Even if this were indeed a consequence of Sartre’s thought, it is self-evidently not the necessary or most obvious one. It’s clear that every understanding of a representational painting depends on a consciousness of the dichotomy between the painted image and its material substrate: that’s why a painting is not a hallucination, and why admirers of representational art acclaim the skill of a painter who conjures a vivid and telling resemblance. Does Sartre ignore the materiality of the art object? – he who proclaims that ‘the serious changes in all the arts are material first and the form comes last: it is the quintessence of matter’? But for consciousness to recognize a work of art, it has to form a mental representation of the physical thing – and this is the case whether or not the work itself depicts something.

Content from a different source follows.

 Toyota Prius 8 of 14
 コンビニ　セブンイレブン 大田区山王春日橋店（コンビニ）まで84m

In any case, the artwork is subject to what Sartre calls ‘the great “irrealizing” function of consciousness’. It is only in my mind that a painting by Mondrian becomes a work of art, not on the wall. As Sartre writes of Lapoujade, though the statement counts for Sartre as a general truth, ‘the paths traced out by the painter for our eyes are paths that we must find and undertake to travel along; it is up to us to embrace these sudden expansions of colour, these condensings of matter; we must stir up echoes and rhythms’. Seeing the street grid or subway map of New York in Broadway Boogie Woogie is one way to do this, but so is seeing the painting as home to what Damisch calls ‘some more secret activity of consciousness, an activity by definition without assignable end’, such as Bois’s passion for finding the expression of a model or system – remember that he is from the generation that followed the path of which Foucault was one of the pioneers.

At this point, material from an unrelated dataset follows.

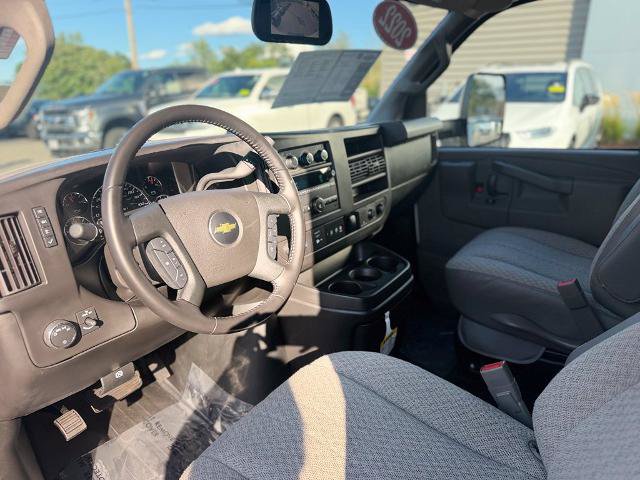 Used 2022 Chevrolet Express 3500 w/ Power Convenience Package RWD image 15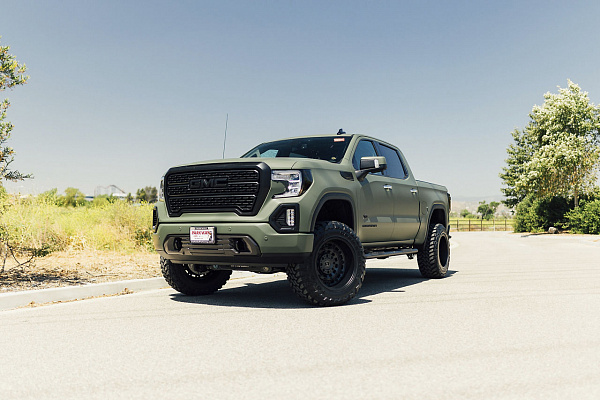 Фото дисков Black Rhino ARSENAL Черный сатин на GMC Sierra IV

The collection in fact offers abundant proof that Sartre’s method had nothing to do with a reduction of the artwork to what it might offer an image of. Consider his essay on Calder’s mobiles. How does he characterize these? Mainly through metaphor: ‘a little local fiesta; an object defined by its movement and non-existent without it; a flower that withers as soon as it comes to a standstill; a pure stream of movement in the same way as there are pure streams of light’. Do I really need to point out that he does not say that a mobile is really a picture of a festival, or of a flower, or of a stream? With the fiesta the mobile shares its multiplicity, with the blossom its temporality, the sense of gradual opening up; with the running brook its identity in motion. The sculpture functions, not representationally, but affectively. And Sartre affirms this: ‘His mobiles signify nothing, refer to nothing other than themselves. They simply are: they are absolutes.’

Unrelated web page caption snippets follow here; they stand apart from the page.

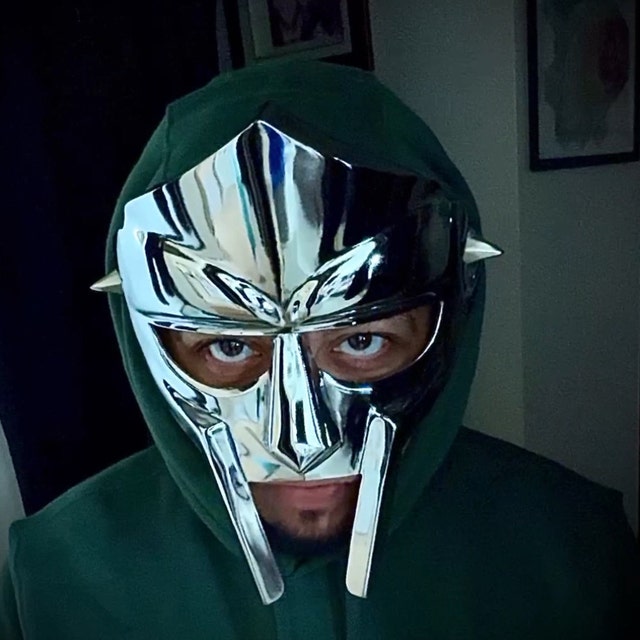 MF DOOMマスク 狂気の悪役 スチールフェイスアーマー 中世の手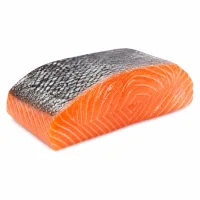 saumon extra frais avec la peau de 300 g chacun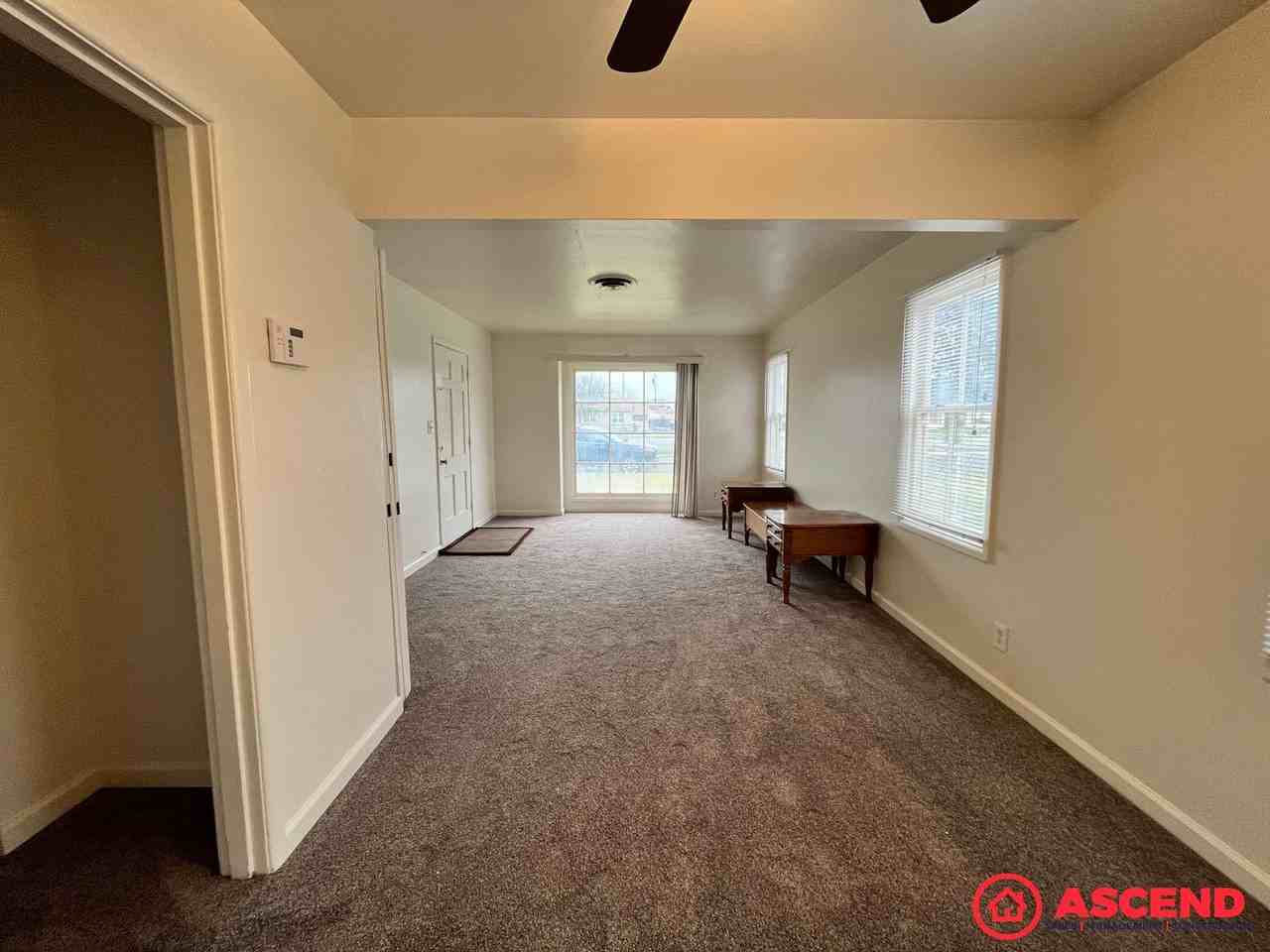 1305 S Chester Ave - Photo 3 of 18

The nonreferential absolute was for Sartre the destiny of the artwork. Remember that he rejected the age-old ut pictura poesis: for him, writing was an affair of meaning, of ideas, while painting (representational or abstract), like music, was a matter of things. Thus, we read in ‘What Is Writing?’: ‘For the artist, the colour, the bouquet, the tinkling of the spoon on the saucer, are things, in the highest degree. He stops at the quality of the sound or the form…It is this colour-object that he is going to transfer to his canvas, and the only modification he will make it undergo is that he will transform it into an imaginary object.’ The wonder of Calder’s mobiles, in Sartre’s eyes, was that, with their movements caused by random breezes, they were neither lifelike nor mechanical, but unpredictable and therefore, in a sense, unknowable.
It’s curious that these mobiles are the only works that Sartre describes without trying to fathom why the artist made them as they are. For Sartre, art writing is more a subcategory of biographical writings than criticism. It’s a mistake to believe that he does not look at the paintings or the sculpture. But he believes that understanding them has nothing to do with pretending they are constellations of forms that simply appeared suddenly on a wall as if decreed by nature. Each one was made by someone, and for a reason. To understand the artist’s project is the way toward a deeper, less arbitrary engagement with the work. He therefore begins his essay on Giacometti’s sculpture, not by looking at a bronze in a gallery, or even a plaster in the artist’s studio, but rather by looking at ‘Giacometti’s antediluvian face…’ Sartre is going to assume this oeuvre amounts to a sort of portrait of the artist, but not in any representational sense. He does not presume to find an image of this face in each of Giacometti’s figures. Rather, he is attempting to follow the path of a man who looks, incessantly, at faces: ‘I know no one else so sensitive as he to the magic of faces and gestures’. Giacometti begins from what he sees, but what he tries to extract is not a depiction. ‘For him, to sculpt is to trim the fat from space’; ‘he would like the canvas to be like still water and us to see his figures in the picture the way Rimbaud saw a drawing room in a lake – showing through it’. Giacometti in search of his image is like Achilles trying to catch up with the tortoise; the only image turns out to be the successive traces of motion toward an unattainable proximity.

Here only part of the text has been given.